Isu ijazah Gibran mungkin tampak sepele, tetapi dampaknya meluas hingga ke jantung legitimasi pemerintahan. Polarisasi sosial yang terus dipelihara oleh narasi politik figur hanya akan mengaburkan cita-cita bernegara yang diamanatkan dalam Pembukaan UUD 1945 alinea keempat: melindungi segenap bangsa Indonesia dan seluruh tumpah darah Indonesia.
Penutup
Polarisasi isu ijazah Gibran hendaknya tidak lagi dilihat sebagai serangan personal, tetapi sebagai ujian kedewasaan politik bangsa. Apakah Indonesia siap menegakkan supremasi konstitusi, atau tetap terjebak dalam politik personal dan loyalitas kelompok?
Jawaban atas pertanyaan ini akan menentukan arah reformasi politik nasional.

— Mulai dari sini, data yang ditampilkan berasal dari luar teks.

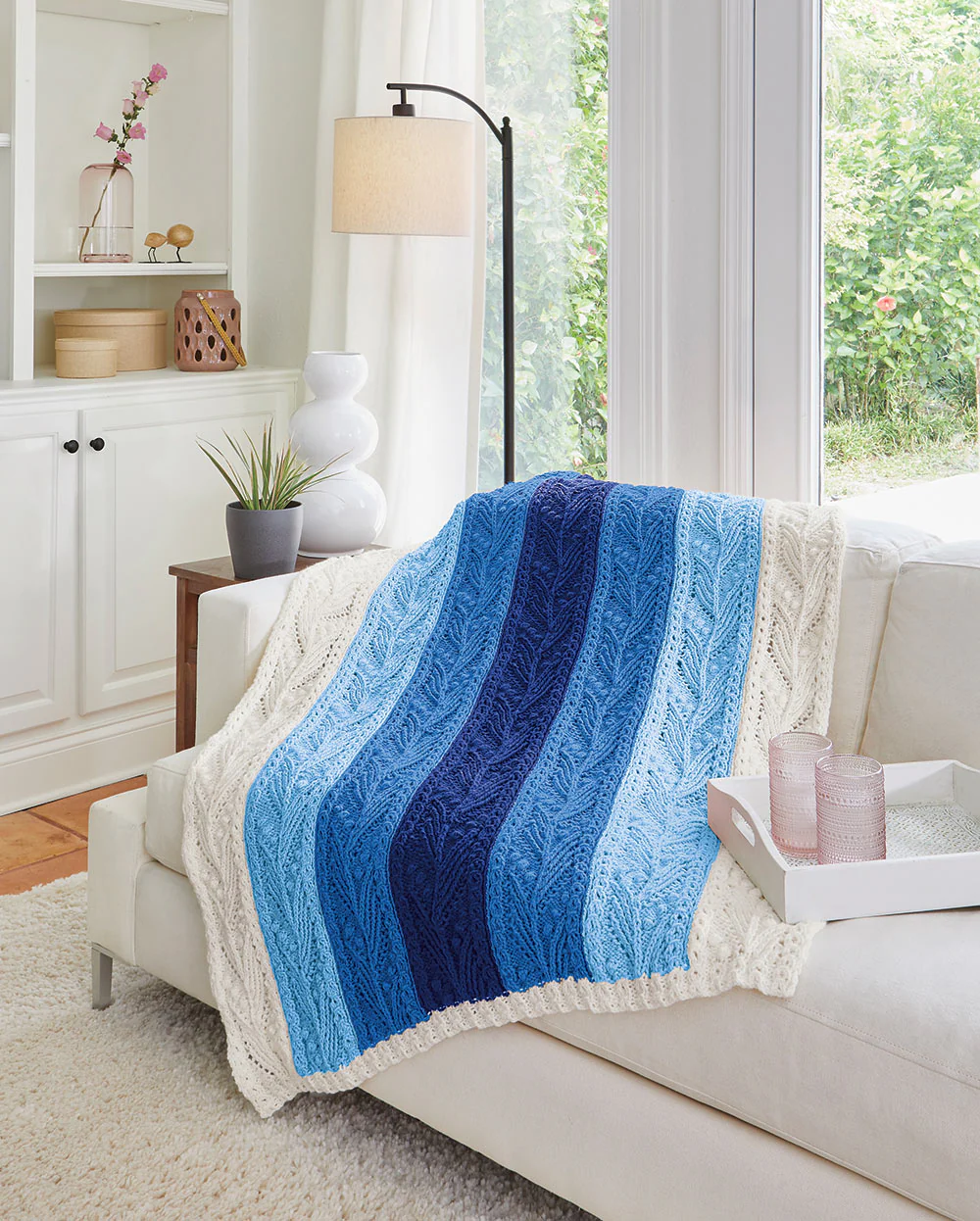 Ribbed Leaves Throw - Image 10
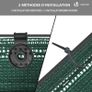 NEW SALE | Privacy Netting 1x10m Garden Screening HDPE Shading Net, 75 Percent Shading Rate UV resistant, Tear Resistant Windbreak Fencing with Holes and Cable Ties, Green Image 2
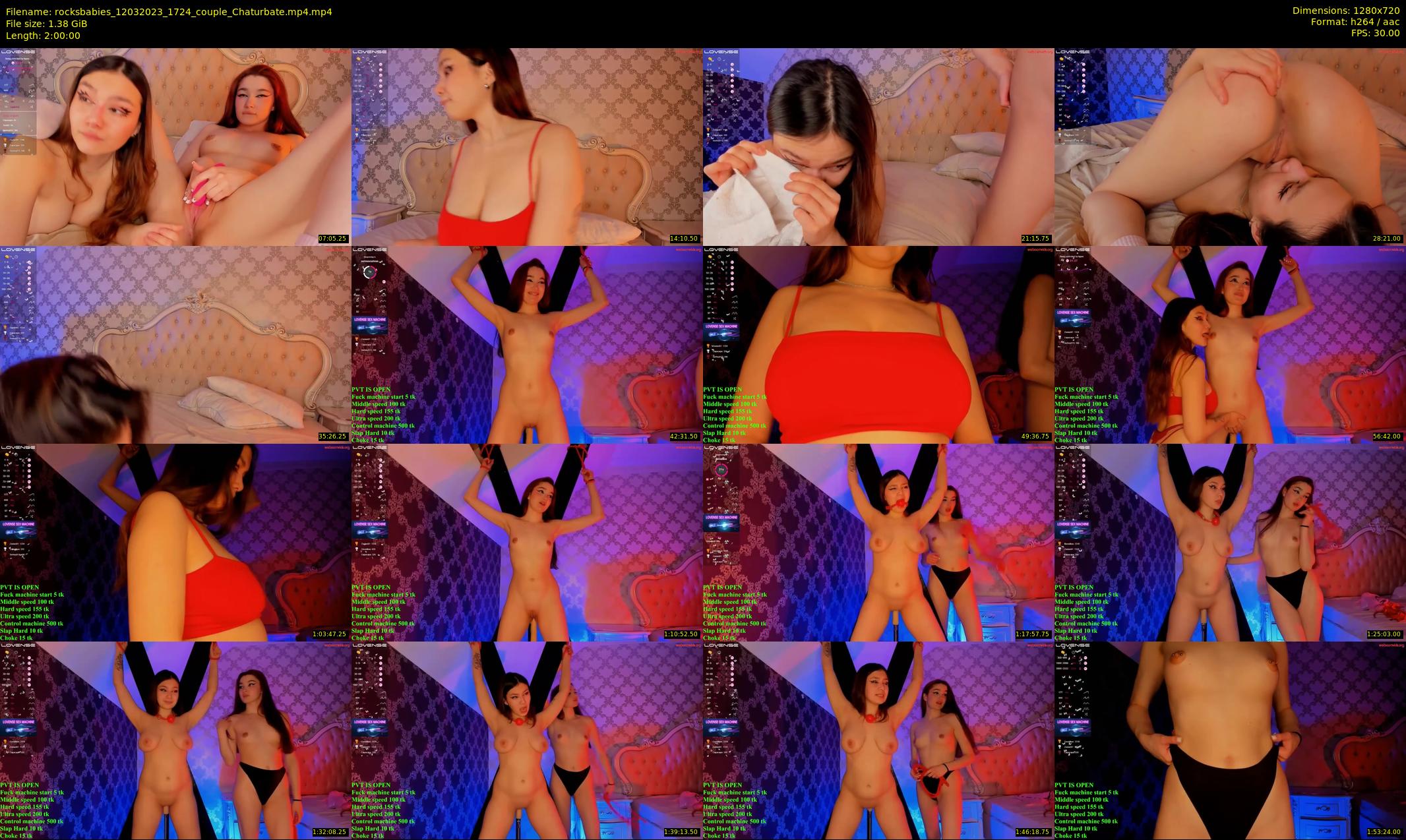 rocksbabies — 120 minute Chaturbate female cam show recording, 720p, Mar 12, 2023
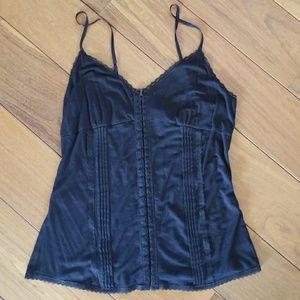 Express black corsett tank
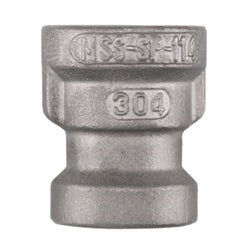 62435MS - 1/2 in x 3/8 in Stainless Steel Reducing Coupling with NPT Threads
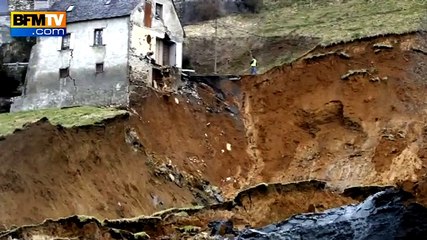 Hautes-Pyrénées: le village de Gazost coupé du monde après une coulée de boue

Jika kita memilih kembali ke sistem MPR, maka harus dipastikan bahwa MPR adalah lembaga yang berdaulat, independen, dan moral. Namun jika sistem langsung tetap dipertahankan, maka integritas pejabat publik harus dijaga dengan transparansi total.
Kepemimpinan nasional di bawah Presiden Prabowo kini berada di persimpangan sejarah. Momentum pemanggilan Menristek Dikti dan pertemuan Prabowo–Jokowi di Kertanegara harus dimanfaatkan bukan untuk rekonsiliasi semu, tetapi untuk menegaskan kembali supremasi konstitusi sebagai panglima tertinggi dalam kehidupan berbangsa dan bernegara.